Ce recteur de l'université d'Etat de La Paz a diffusé sur son compte Twitter une vidéo de sa résidence en flammes. Une présentatrice de la chaîne Television Universitaria, Casimira Lema, a elle aussi déclaré que sa maison avait été incendiée. Le domicile d'un ancien ministre, Juan Ramon Quintana, a été pillé par des inconnus qui ont emporté tous ses documents, selon les déclarations de M. Quintana lui-même à la télévision. De plus, plusieurs dizaines de personnes semaient la peur au cours de la nuit dans le quartier aisé d'Achumani, dans le sud de La Paz. Dans ce quartier se trouve le siège d'un quotidien critique envers Evo Morales, Pagina Siete.

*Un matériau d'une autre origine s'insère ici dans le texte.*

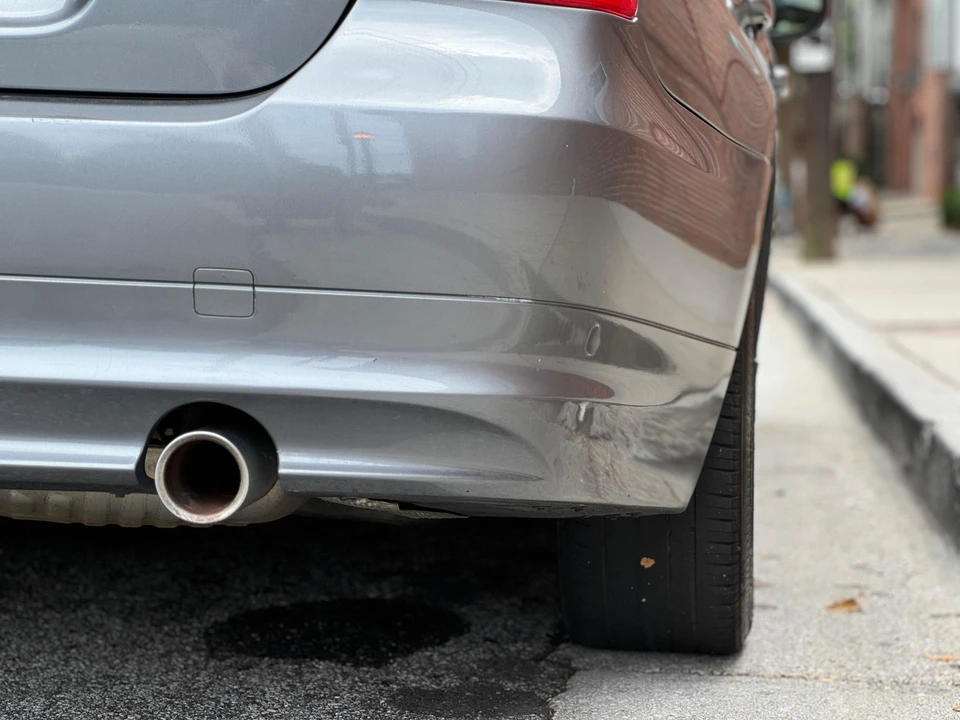 2011 BMW E90 3 Series Sedan - Image 16 of 31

Sur la porte de ce journal, on pouvait lire un avertissement disant: "Devant la vague de terreur qui s'est déchaînée dans la ville de La Paz, le quotidien Pagina Siete suspend ses activités par sécurité". Egalement à La Paz, le siège de l'ambassade du Venezuela a été occupé par des manifestants cagoulés à la suite de la démission du président Morales, fidèle allié de Caracas. "Equipés de dynamite, des manifestants cagoulés avec des boucliers ont pris l'ambassade du Venezuela en Bolivie. Nous allons bien et sommes à l'abri, mais ils veulent faire un massacre. Aidez-nous à dénoncer cette barbarie", a déclaré l'ambassadrice vénézuélienne Crisbeylee Gonzalez à l'agence de presse officielle ABI. Au milieu de la nuit, des patrouilles de l'armée ont commencé à parcourir les rues de La Paz et d'El Alto. En revanche, les policiers, dont de nombreuses unités s'étaient mutinées ces derniers jours contre le président Maduro, n'effectuaient pas de patrouilles, sans que leur absence actuelle ne soit expliquée par leur commandement.